Climbing is difficult.

For many those first encounters with hills come early in life. During those early years the hill is an unwanted obstacle between you and your destination.  And that’s all it is an inconvenience. Only years later when you make the transition from bike rider to cyclist, does the lifelong love affair with climbing begin. One of pain, euphoria and every emotion in between.  Then the hill is transformed. No longer a mere obstacle it becomes a challenge, not something to avoid or skirt, rather something to tackle head-on. Now routes are selected precisely because they do have hills not because they don’t.  As this love affair of the incline grows  the relationship is tested. Every rider will meet a climb, sometimes over and over again which has him slipping, regressing back to that impression formed in childhood; going up is hard, why do it when you don’t have to?  Climbing is difficult, often very difficult. Six gap is the perfect ride to explore climbing’s inherent contradiction.

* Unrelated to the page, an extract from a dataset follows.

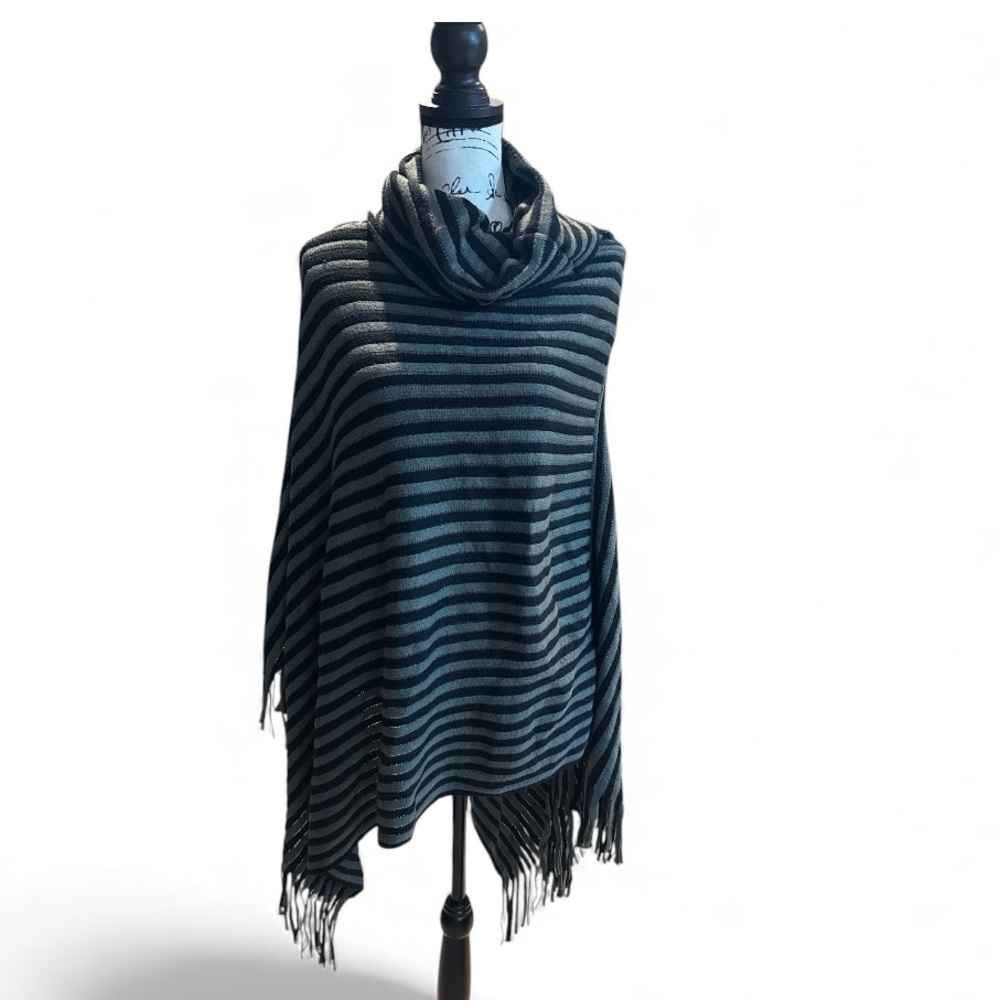 Unbranded Women’s Asymmetrical Boho striped fringe poncho black/gray fits most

The desire to challenge ourselves as cyclist versus our animal instinct to avoid pain and suffering. In the early morning light, the glorious blue sky holds the sun. In the ocean of wooded hills stretching as far as the eye can see, rolling and heaving across the countryside is to the rider a preview of the gaps.  The pain they bring has yet to arrive, but it is coming. When it reaches you the intensity of the effort makes living in  the moment the only option. It makes everything more special and more beautiful. After all, no act  in cycling is more intense than riding up hills. Climbing is difficult. . .  And that’s good.